Friday, September 17, 2010
Constitution Day - Citizenship Day
Nearly 234 years ago an assembly of individuals living on the Eastern shores of the North American continent gathered to shed their titles as subjects and declare their independence as free men. They believed in the radical notion that people were entitled to rights that could not be disputed nor deprived by any other man or government.
This declaration, however, was not limited to a select few who happened to be born of a certain nation, no, independence in this country was declared to the citizens of the world. The document was an open invitation to all who dreamed of liberty and freedom. Traditional boundaries could not prevent those seeking equality, because these natural rights cannot be contained by imaginary borders. Life, liberty, and the pursuit of happiness is something all people should be able to enjoy.
It is fitting that we gather today at Homestead National Monument of America for this event, because Abraham Lincoln, who so believed in the principles of the Declaration of Independence, extended another invitation to the citizens of the world seeking to participate in the American Dream when he signed the Homestead Act of 1862. All peoples regardless of gender, ethnicity, or nationality were invited to stake their claim and declare their independence.
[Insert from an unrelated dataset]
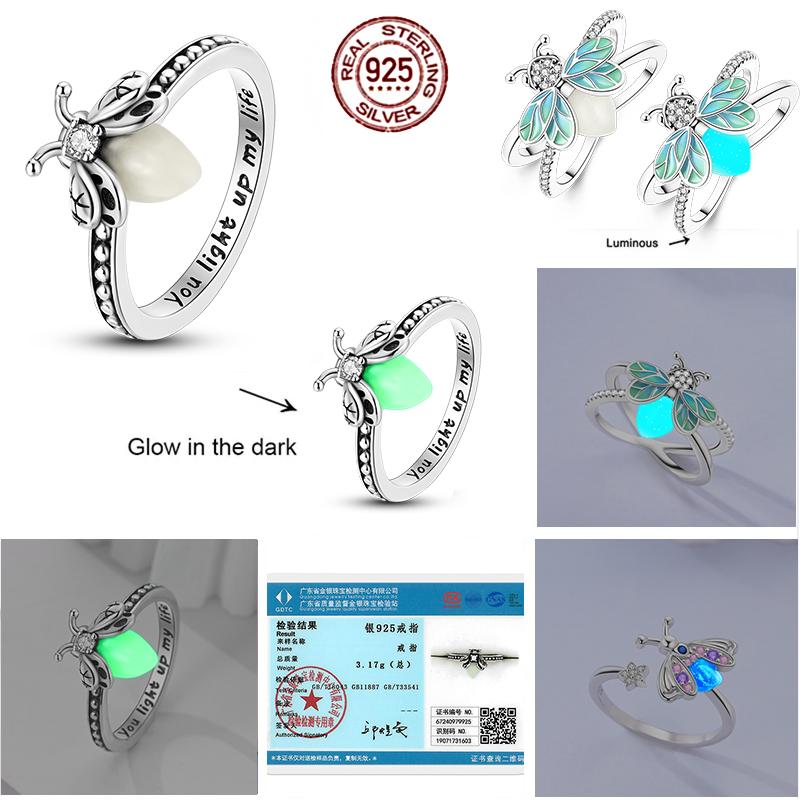 Luminous Firefly 925 Silver Ring Sparkling Rainbow Color Heart Wishbone Flower Original Rings For Women Wedding Jewelry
But what is the American Dream? It is not something tangible; instead, it is a spirit that has burned forever in the minds of free thinking people, finally released upon the world on that momentous fourth day of July in 1776 and written down for posterity. This spirit can mean many things to many people but it is grounded in the fundamental idea of freedom! It is the force behind individuals seeking to actively participate in the direction of their political, economic, social, and personal lives. This spirit has manifested itself differently since becoming the governing force of our country 234 years. Every generation since the birth of this country has had individuals who sought to limit, confine, and designate who can and cannot be free, fortunately for us; you cannot limit, confine, or designate a spirit of this magnitude.
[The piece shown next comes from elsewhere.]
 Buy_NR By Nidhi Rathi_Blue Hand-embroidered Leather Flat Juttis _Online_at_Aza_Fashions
Waves of our ancestors have flowed into this country at different times and they have built a great nation around this spirit. Peak immigration years coincide with peaks in applications for land under the Homestead Act. This is not a statistical coincidence; it is evidence of the penetrating affects of the American Dream. The resulting effect can be attributed to the successes of our nation; standing as a clear testament to the resolve and determination these new citizens demonstrated.
Today, you take your place as citizens of the United States of America; you are taking the first steps to becoming part of the legacy that has made this nation great.